O documento, assinado por P O’Neill – um provável pseudônimo -, foi sucedido por outro, apenas um mês mais tarde, em 20 de setembro, que começava assim: ‘Em primeiro lugar, gostaríamos de expressar nossa simpatia com o povo dos EUA, especialmente com as famílias e amigos das vítimas dos deploráveis ataques a Nova York, Washington e Pensilvânia.’ Na sequência, o mesmo P O’Neill dizia que não apenas retomaria os trabalhos para o desarmamento do IRA, como também iria intensificá-los.
Segundo Edmund, o IRA estava no meio de um fogo cruzado, pois precisava ganhar confiança política e só conseguiria isso se desistisse das armas. “Mas muitos apoiadores do grupo eram radicais, por isso os líderes tinham que convencer essas pessoas que, se não conseguissem atingir os objetivos por meios pacíficos, voltariam a usar a violência. Isso fez com que o IRA se dividisse. Só que a pressão dos norte-americanos acabou sendo maior”, explicou o jornalista
“Se os ataques aos EUA não tivessem acontecido, não sei quando e como o processo de desarmamento teria acontecido”, disse Edmund. “O IRA ainda existe e, na minha opinião, mantém armas escondidas para autodefesa. Mas eles não explodem bombas nem realizam tiroteios. No começo deste ano, um policial morreu em um atentado na Irlanda do Norte, mas isso foi obra de grupos dissidentes. Sem o 11 de Setembro, a divisão do IRA seria ainda maior e mais violenta.”

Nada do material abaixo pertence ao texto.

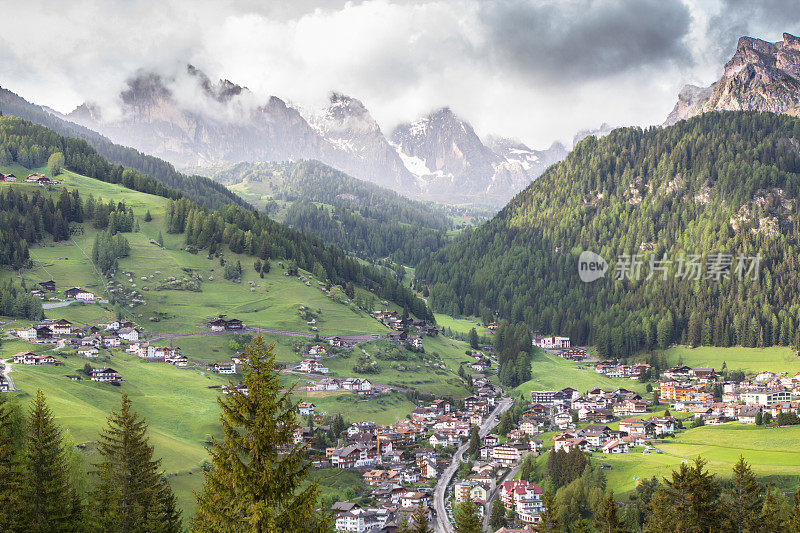 意大利Dolomites南泰洛尔的塞尔瓦村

Os diferentes tipos de terrorismo
Apesar da influência dos episódios de setembro de 2001 na história do IRA, a semelhança entre os paramilitares irlandeses e o grupo responsável pelos ataques aos EUA está mais na palavra terrorismo do que nos tipos de ação. “Os atentados da Al Qaeda são projetados para matar o maior número possível de cidadãos, incluindo civis. Os alvos do IRA, por outro lado, são militares ou políticos. Eles mataram muitos inocentes como efeito colateral, é verdade, mas quando isso acontecia, eles eram altamente criticados pelos próprios membros”, afirmou Edmund.
Independentemente das causas, a batalha armada do IRA acabou e deu lugar a outra que tanto pode ser considerada menos quanto mais perigosa, dependendo do ponto de vista. É o que afirma Edmund, que resume em duas frases a situação atual do ex-grupo terrorista: “O IRA abandonou as armas. A luta deles agora é para ganhar eleições.”